Day 6: 15 June 2002 - "Read to me Naked." »
Day 5: 14 June 2002 - "Worshipping the estufa"
I shared a bed with Pato and Tamara that night and when we woke up in the morning, we huddled together, refusing to leave the bed. Most Chilean houses, at least those north of Region X, don't have central heating. Instead they have a collection of estufas (space heaters), which they move around the house wherever the family goes. The lack of central heating may be the reason that most Chileans have televisions in the bedrooms rather than in a communal family room. This way, they can spend their cold winter evenings curled up in bed, watching TV.
Rancagua, although only 1.5 hours south of Santiago, seemed infinitely colder. This was probably only because of the big house and lack of central heating, but we spent most of the day blanketed up and cuddling together. At one point, we stepped outside and realized that it was noticeably warmer there.
Finally, someone encouraged the dogs to jump on us, so we had to get up and shower, get dressed, and eat breakfast. At breakfast we huddled around the estufa, fighting for its attention. I took a short shower, since no one wants to be wet for long in that cold.
I bundled up, then we went into downtown Rancagua. The car was having brake problems, so we left it at the mechanic's and walked around town, shopping. Pato tried to get me to buy a jacket with what looked like squirrel fur trim, we heard a dance-remix of "Old McDonald Had a Farm" playing in one of the shops, and I found a lovely enormous scarf/shawl thing, which was very helpful for wrapping up in back at the house.

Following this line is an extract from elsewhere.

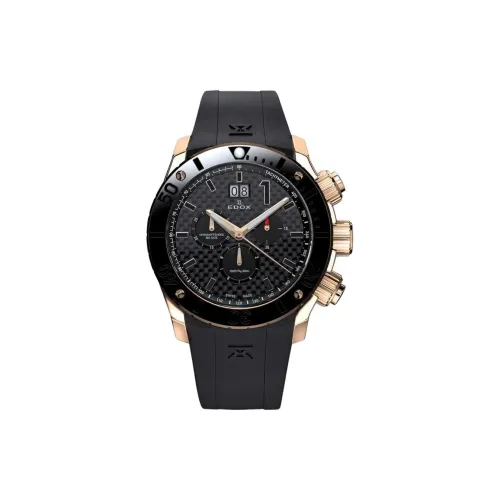 EDOX Кварцевый механизм Мужские часы Часы 45 мм Черный циферблат Нержавеющая сталь PVD покрытие Нержавеющий стальной корпус Резиновый ремешок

As we walked around downtown, I was amazed by the numbers of stray dogs wandering around. It made me wonder if we didn't have that problem because of Bob Barker. That would be odd. They don't really seem to bother anyone, but because of them, many Chileans have a metal basket on a pole on their lawn extension. Rather than putting their garbage bags on the ground, where the dogs can get at them, they put them up above the dogs' reach.
After shopping, we went back to the house and met Soledad and Teddy's other daughter, Angie, who, I believe, goes to college in Santiago. We went out and rented videos and brought them back to the house. We brought the estufa into Soledad and Teddy's room, curled up in the bed, and watched 10 Things I Hate About You. I always forget how very stupid and juvenile the poem that the main character writes is. "Is the poem that the main character writes"? I can't even write English, so I don't know how I'm going to teach it. Anyway...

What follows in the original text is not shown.